Always taken: The predictors are T, T, T, T, T. This is 60% accuracy.

Never taken: The predictors are NT, NT, NT, NT, NT. This is 40% accuracy.

**4.29.2**The first branch will result in a T. Move from strong predict not taken to weak predict not taken. Predicted outcome is not taken. The predictor value is 0.The second branch will result in a NT. Move from the weak predict not taken back to the strong predict not taken. Predicted outcome is not taken.
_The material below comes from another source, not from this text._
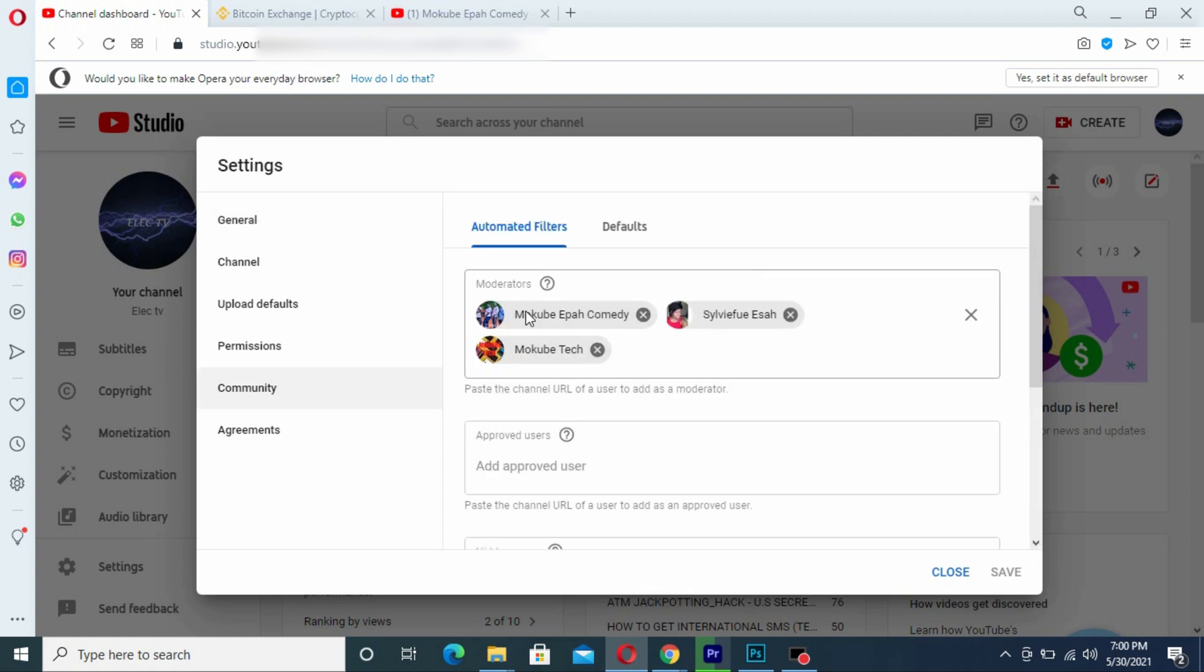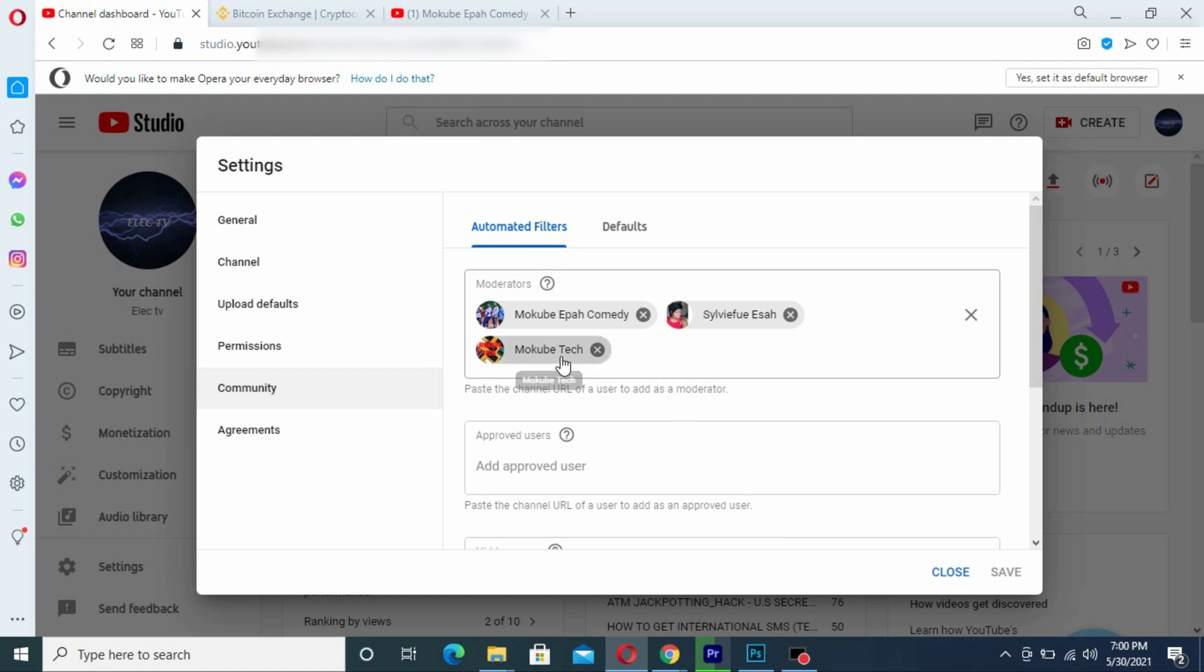That's all. These are the moderators you can see on your YouTube channel, that is Mokube, Epa Comedy CV, and Mokube Tech. So those are the moderators on my YouTube channel. That's it.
The predictor value is 1.

The third branch will result in a T. Move from strong predict not taken to weak predict not taken. The predicted outcome is not taken. The predictor value is 0.

The fourth branch will result in a T. Move from weak predict not taken to weak predict taken. The predicted outcome is not taken because it started out in the weak predict not taken. The predictor value is 0.

Only the second branch is right, so the accuracy is 25%.